At least 21 dead as Tropical Storm Laura lashes Haiti
Tropical Storm Laura has wreaked havoc in the impoverished Caribbean country of Haiti, piling debris onto residential streets and damaging homes.
At least 21 people were killed in total, mainly from flash flooding that turned the capital's roads into raging rivers, and 198 families were left homeless, according to the Haitian Civil Protection Office.
Five people were still missing on Tuesday, including a woman whose baby was already found dead after their car got stuck in flooding. Locals fear Laura is just a small preview of what is to come, with the hurricane season typically peaking in September.

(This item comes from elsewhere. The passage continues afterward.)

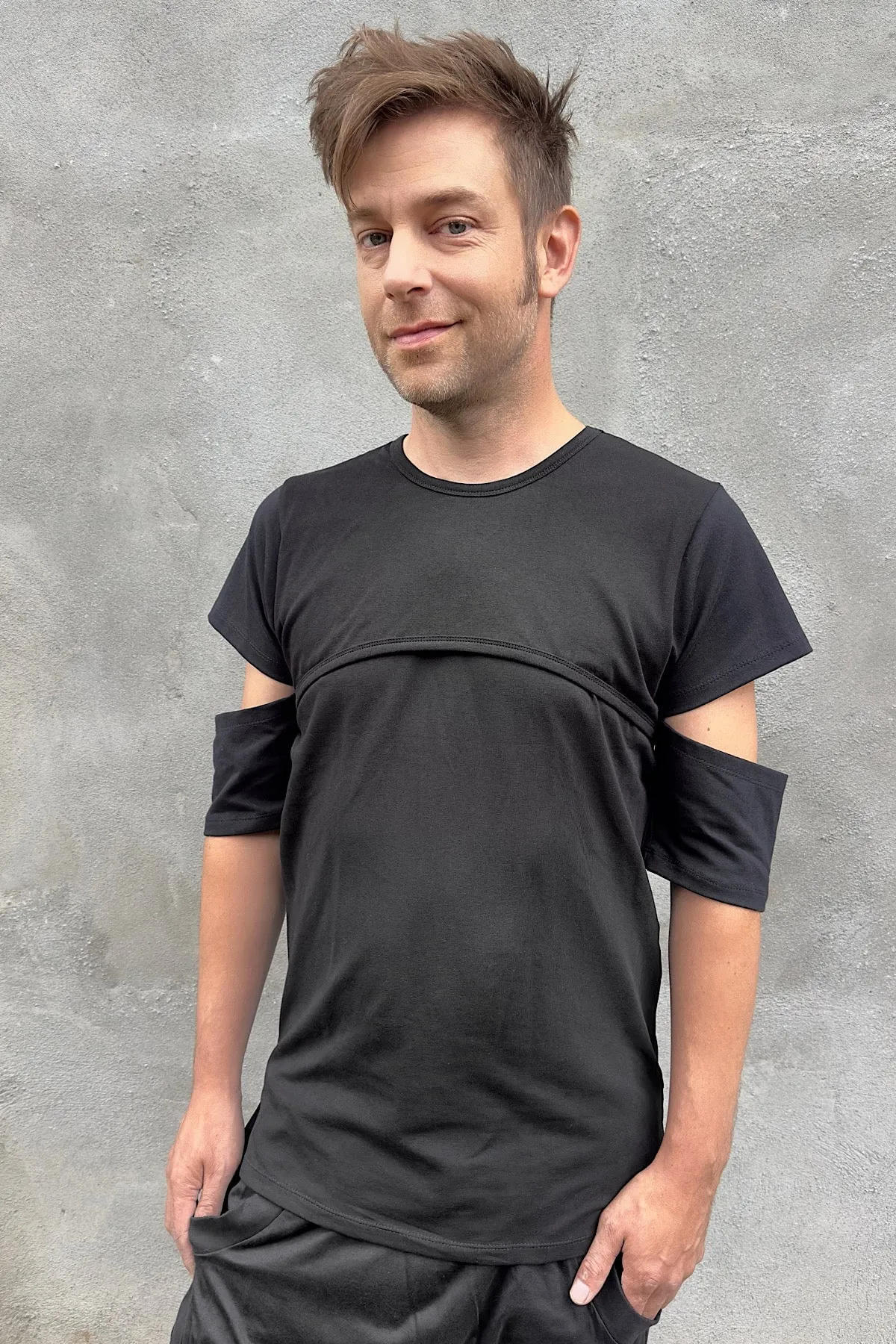 Five and Diamond Armadillo T-Shirt - cotton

Texas Governor Greg Abbott also warned Texans on Tuesday that Hurricane Laura would hit the state as a Category-3 storm and advised residents to comply with evacuation orders. Abbott said the state must also prepare for the possibility that Laura could strengthen to a Category-4 storm.
The hurricane was packing winds of 120 km per hour as it moved across the Gulf of Mexico, qualifying it as a Category-1 hurricane on the five-step Saffir-Simpson scale for measuring hurricane intensity.
Laura was forecast to become a "major" hurricane of Category 3 or higher by Wednesday night as it approaches the US coast, according to the National Hurricane Center (NHC).
The storm was located about 825 kilometers southeast of Lake Charles, Louisiana, on Tuesday afternoon and moving to the west-northwest at 26 kilometers per hour, the NHC said. The hurricane was expected to make landfall late Wednesday (August 26) or early Thursday (August 27) along the Texas-Louisiana border, the NHC said.